Not all passengers suspected on board the train have yet been accounted for.  Among them is Ecolab executive Bob Gildersleeve.  It is still not known for certain whether or not Gildersleeve was even on the train when it derailed.

And, as rescue crews continue to pick through crash rubble and debris, Congress is trying to stave off the potential for a legislative mess of its own.  On Wednesday a House Appropriations Committee hearing was held over proposed funding cuts to Amtrak. Associated Press writer Andrew Taylor reported that the GOP-controlled committee rejected attempts by Democrats to boost spending for Amtrak by more than $1 billion.  Of that $556 million was earmarked for the northeast corridor.  The vote on the bill, which would cut Amtrak's budget by $251 million to $1.1 billion, was 30-21 along party lines.

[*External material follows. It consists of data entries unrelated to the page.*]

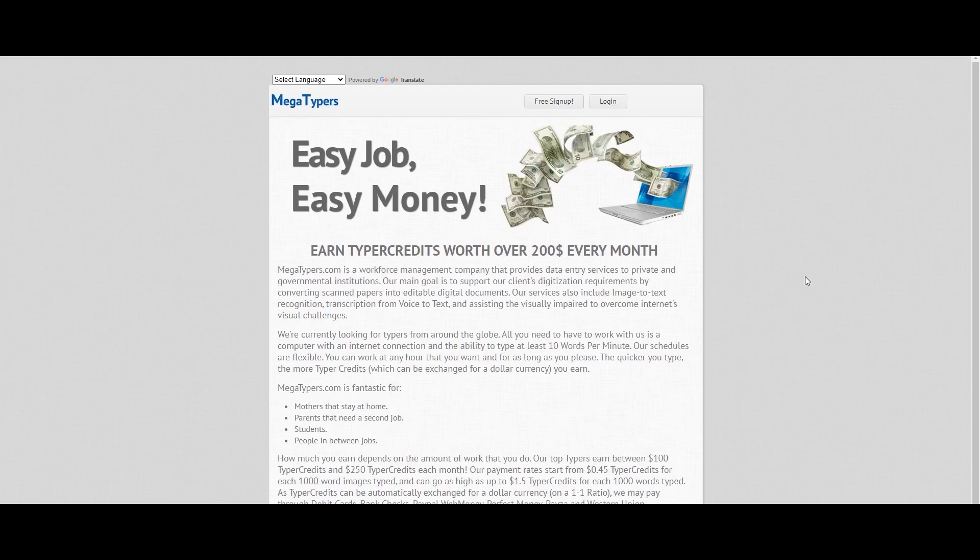So, this video is going to be a clear explanation of how we start with this website. What is the name of it? Megatypers. Yes, this is a genuine site. So you can use this website.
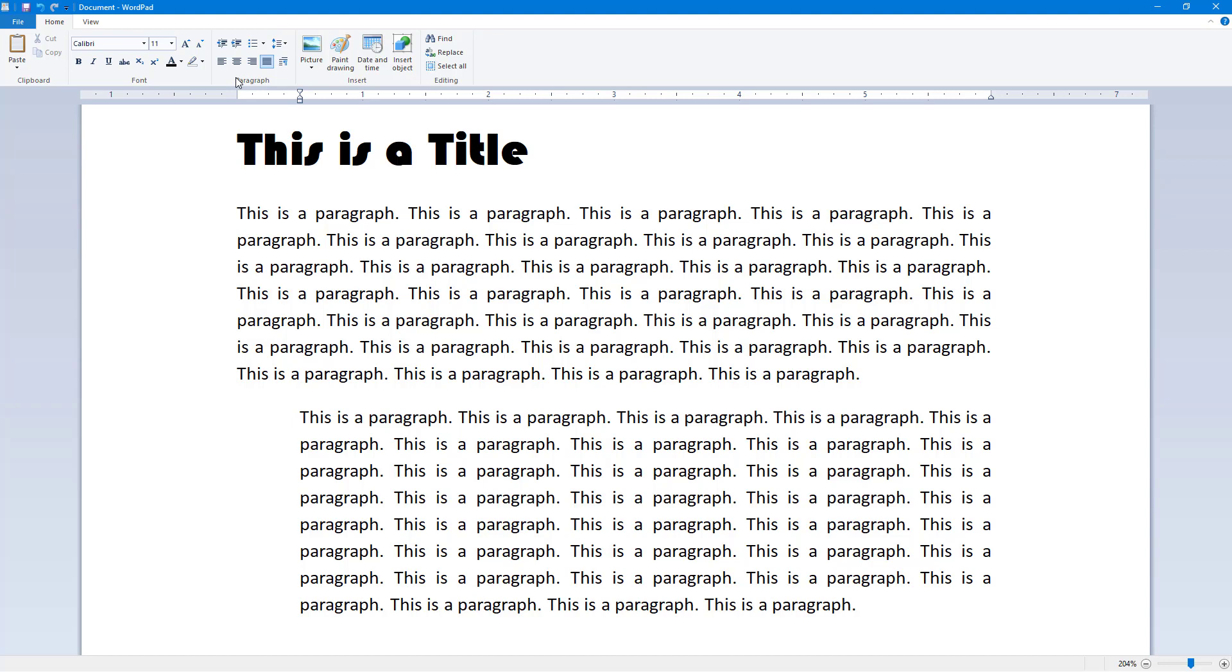And that is how you can indent the text inside of WordPad. So if you guys learned something, as always, please like, comment, share, and subscribe.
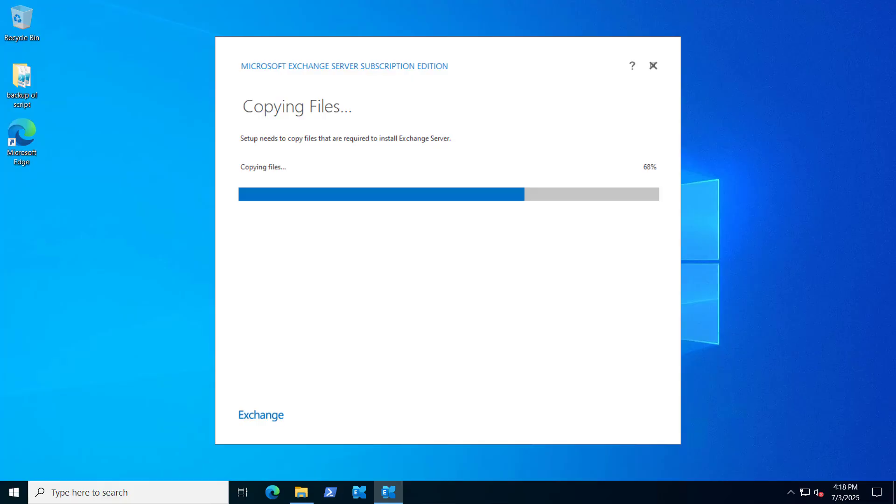You can see here Microsoft Exchange Server Subscription Edition. You can only do an in-place upgrade from Exchange 2019 CU14 or 15. You cannot do that from Exchange 2016 CU23. First, you have to migrate it to Exchange 2019 CU15, then you can do that in-place upgrade. So you have to keep that in mind whenever you are upgrading to the new CU.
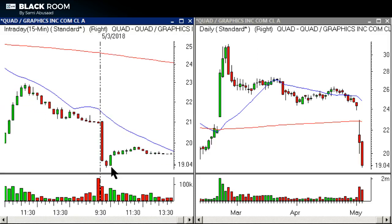I just wanted to come on and show you that this pattern I shared yesterday is out there — you just need the right list of stocks and be on the lookout for it. Hope you enjoyed today's video, talk to you soon, take care, have a good night.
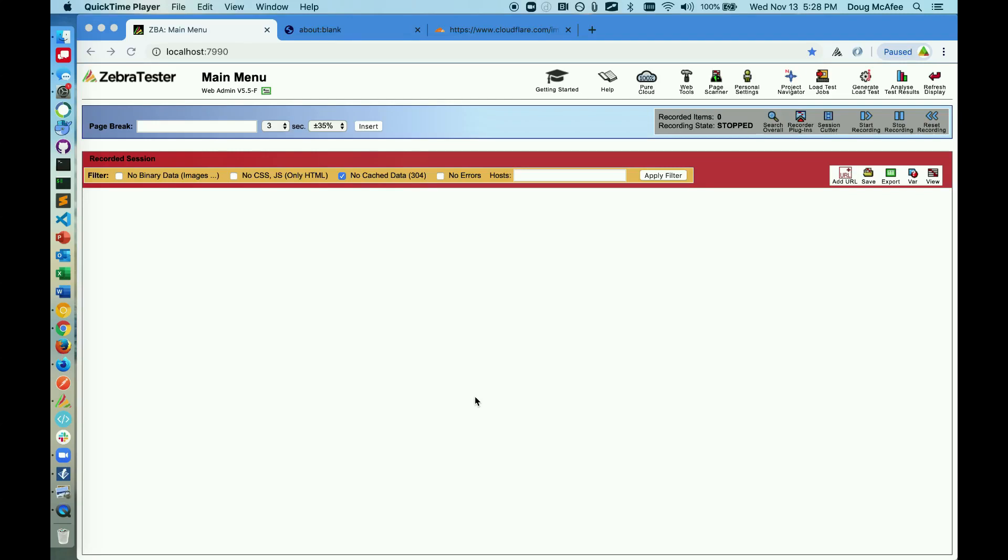In this video, I'm going to show how to create a recording of a web browser using ZebraTester. Once we've completed the installation and have our root certificate implemented in our ZebraTester folder and are ready to begin recording,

After the vote The Washington Post quoted members responding to both the tragedy and the vote on Amtrak appropriations.  Senator Bill Nelson, A Democrat from Florida, said, "Our heart goes out to the victims. But, at the same time, we’ve got to look to the future, and we’ve got to get our . . . collective heads out of the sand and start producing the funding for infrastructure investment.”  Republican Senator Mike Simpson from Idaho said, "You have no idea what caused this accident...Don't use this tragedy in that way — it was beneath you.”

While Congress debates Amtrak's money issues, emergency crews will continue to work at the scene of the accident, in an effort to determine why the train was allowed to reach a speed which was twice that at which it was supposed to be travelling.